When I die bury me with a whole mess of buffalo wings so future archaeologists will think I was some crazy human – chicken hybrid.
Have you ever checked those ‘Twitter accounts that work well with yours’?
I just did.
Three convicted murderers, two people on the run from the FBI and a man who thinks he’s a tree 🤦♂️😂
If you strike me down, I shall become more powerful than you can possibly imagine. Also, I’ll tell my mom
I have enough money to live comfortably for the rest of my life, if I die next Thursday
[Christmas]
ME: You know how you wanted that new keurig?
HER: YES!? {rips open present} IT’S IT’S- just a cup of coffee?

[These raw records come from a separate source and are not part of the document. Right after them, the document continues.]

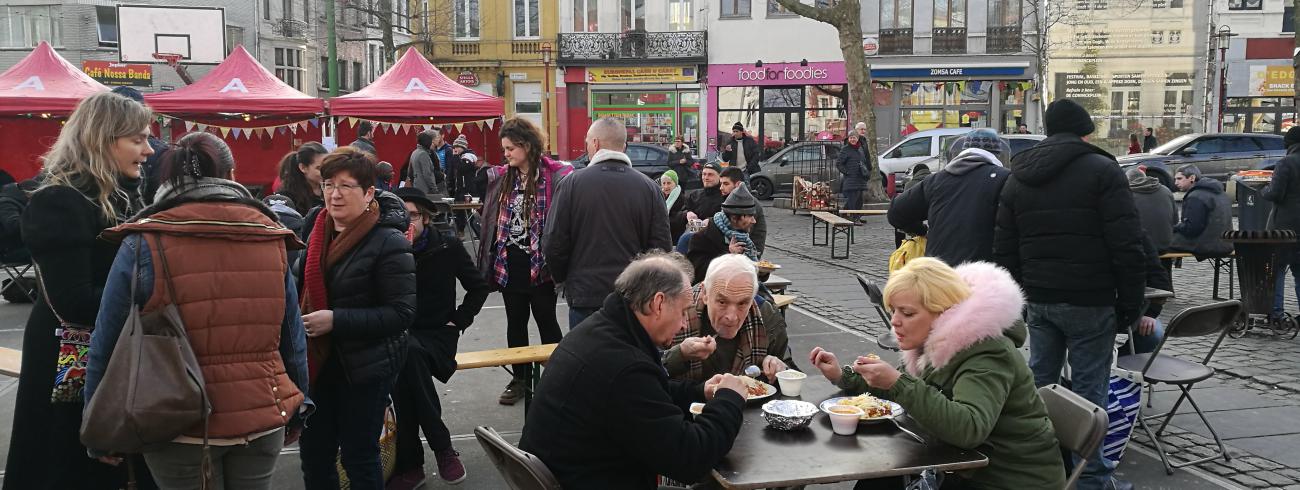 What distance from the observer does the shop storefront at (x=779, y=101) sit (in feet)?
104

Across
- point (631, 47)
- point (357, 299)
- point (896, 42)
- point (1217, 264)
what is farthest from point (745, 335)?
point (631, 47)

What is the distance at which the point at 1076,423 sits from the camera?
130 inches

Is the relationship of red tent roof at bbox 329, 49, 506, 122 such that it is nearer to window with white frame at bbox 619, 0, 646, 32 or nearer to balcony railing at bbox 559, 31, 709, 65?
balcony railing at bbox 559, 31, 709, 65

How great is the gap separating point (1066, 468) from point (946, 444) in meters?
0.75

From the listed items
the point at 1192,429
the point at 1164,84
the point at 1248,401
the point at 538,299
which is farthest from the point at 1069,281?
the point at 1164,84

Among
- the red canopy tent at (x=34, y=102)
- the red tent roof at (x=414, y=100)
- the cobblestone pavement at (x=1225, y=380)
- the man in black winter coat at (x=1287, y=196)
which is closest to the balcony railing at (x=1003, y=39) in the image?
the cobblestone pavement at (x=1225, y=380)

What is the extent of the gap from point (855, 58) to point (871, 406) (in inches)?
733

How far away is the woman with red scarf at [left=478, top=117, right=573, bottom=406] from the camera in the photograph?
18.9 feet

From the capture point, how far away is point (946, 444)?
10.4 ft

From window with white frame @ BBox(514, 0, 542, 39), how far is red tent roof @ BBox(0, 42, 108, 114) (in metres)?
20.4

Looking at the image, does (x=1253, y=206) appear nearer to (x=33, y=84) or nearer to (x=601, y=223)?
(x=601, y=223)

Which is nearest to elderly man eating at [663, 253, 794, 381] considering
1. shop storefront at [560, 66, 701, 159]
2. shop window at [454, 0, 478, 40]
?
shop storefront at [560, 66, 701, 159]

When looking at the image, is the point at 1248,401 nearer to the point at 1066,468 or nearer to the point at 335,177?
the point at 1066,468

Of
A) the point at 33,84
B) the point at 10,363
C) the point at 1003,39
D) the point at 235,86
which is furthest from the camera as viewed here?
the point at 1003,39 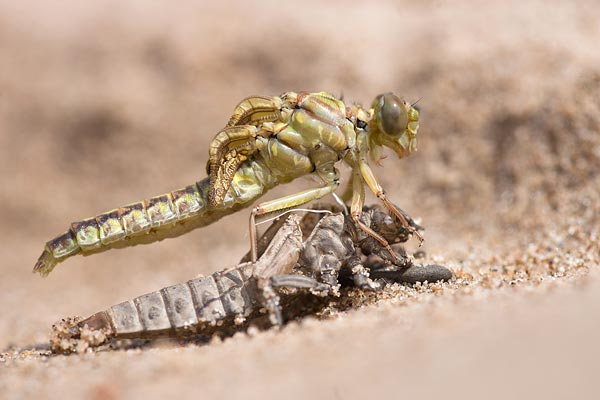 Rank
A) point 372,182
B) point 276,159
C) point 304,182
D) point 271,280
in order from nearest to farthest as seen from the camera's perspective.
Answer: point 271,280, point 372,182, point 276,159, point 304,182

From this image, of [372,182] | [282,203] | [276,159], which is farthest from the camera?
[276,159]

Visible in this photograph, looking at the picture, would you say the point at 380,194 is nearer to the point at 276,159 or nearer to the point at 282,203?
the point at 282,203

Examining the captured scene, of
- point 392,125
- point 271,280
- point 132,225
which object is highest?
point 392,125

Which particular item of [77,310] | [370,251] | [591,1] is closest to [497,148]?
[591,1]

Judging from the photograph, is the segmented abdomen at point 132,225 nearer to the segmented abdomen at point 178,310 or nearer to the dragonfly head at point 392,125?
the segmented abdomen at point 178,310

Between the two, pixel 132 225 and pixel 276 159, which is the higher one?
pixel 276 159

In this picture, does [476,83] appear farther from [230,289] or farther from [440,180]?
[230,289]

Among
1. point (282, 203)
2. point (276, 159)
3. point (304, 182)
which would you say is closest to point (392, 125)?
point (276, 159) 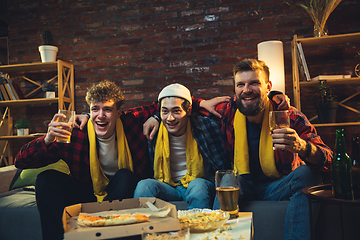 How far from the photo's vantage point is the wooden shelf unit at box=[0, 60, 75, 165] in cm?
294

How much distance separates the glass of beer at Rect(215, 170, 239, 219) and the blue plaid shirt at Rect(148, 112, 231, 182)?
2.74ft

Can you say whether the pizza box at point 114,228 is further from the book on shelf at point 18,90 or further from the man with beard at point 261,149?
the book on shelf at point 18,90

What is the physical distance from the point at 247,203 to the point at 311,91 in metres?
1.44

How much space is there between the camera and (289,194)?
5.44 ft

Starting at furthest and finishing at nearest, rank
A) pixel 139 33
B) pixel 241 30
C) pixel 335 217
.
A: pixel 139 33 → pixel 241 30 → pixel 335 217

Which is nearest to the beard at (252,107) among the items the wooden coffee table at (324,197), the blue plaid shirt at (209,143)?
the blue plaid shirt at (209,143)

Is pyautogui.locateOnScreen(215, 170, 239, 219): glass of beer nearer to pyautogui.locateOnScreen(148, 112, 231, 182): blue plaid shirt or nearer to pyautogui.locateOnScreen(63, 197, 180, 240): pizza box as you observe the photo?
pyautogui.locateOnScreen(63, 197, 180, 240): pizza box

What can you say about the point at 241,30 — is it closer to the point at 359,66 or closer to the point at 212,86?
the point at 212,86

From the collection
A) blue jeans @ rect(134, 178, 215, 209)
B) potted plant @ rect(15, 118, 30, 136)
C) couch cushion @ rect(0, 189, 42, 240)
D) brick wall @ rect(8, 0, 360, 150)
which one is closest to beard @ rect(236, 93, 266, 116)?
blue jeans @ rect(134, 178, 215, 209)

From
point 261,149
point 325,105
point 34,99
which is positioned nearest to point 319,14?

ME: {whispering in her ear} From a keuriiiiiig.
Mark Ruffalo is the name you could most likely teach a dog to say.
Why is the gynecologist tool called a speculum and not a “snatchula”?
Him: If you could have dinner with any people, living or dead, who would you choose?
Me: All the dead ones
It’s cute how alcohol comes in a paper bag so when you hit rock bottom you have something to hyperventilate into.
When I was younger, I thought a taxidermist was a dermatologist that arrived in taxis.
What base is it when he watches you fall off your barstool with a mouthful of loaded fries?
We don’t have wifi in Tennessee. I just pray my tweets into my phone and let Him (#Christ) do the rest.
Amazon: WARNING! This product will arrive after Christmas!!!
⠀
Me: Calm down Amazon, it’s just paper towels
maybe my dad is at the other end of this cvs receipt
“I know she told me to buy Tampax, but I’ll buy the store brand that’s on sale instead.”
The last thoughts of a man who’s about to die.
My cat is trying to kill me. 🤣
When I was 15, I decided I was not going to be a grumpy old man when I grew up
I’m 55 now and I’m mad at cucumbers
I saw a tweet saying liberals should create their own Captain America. They did. In 1940.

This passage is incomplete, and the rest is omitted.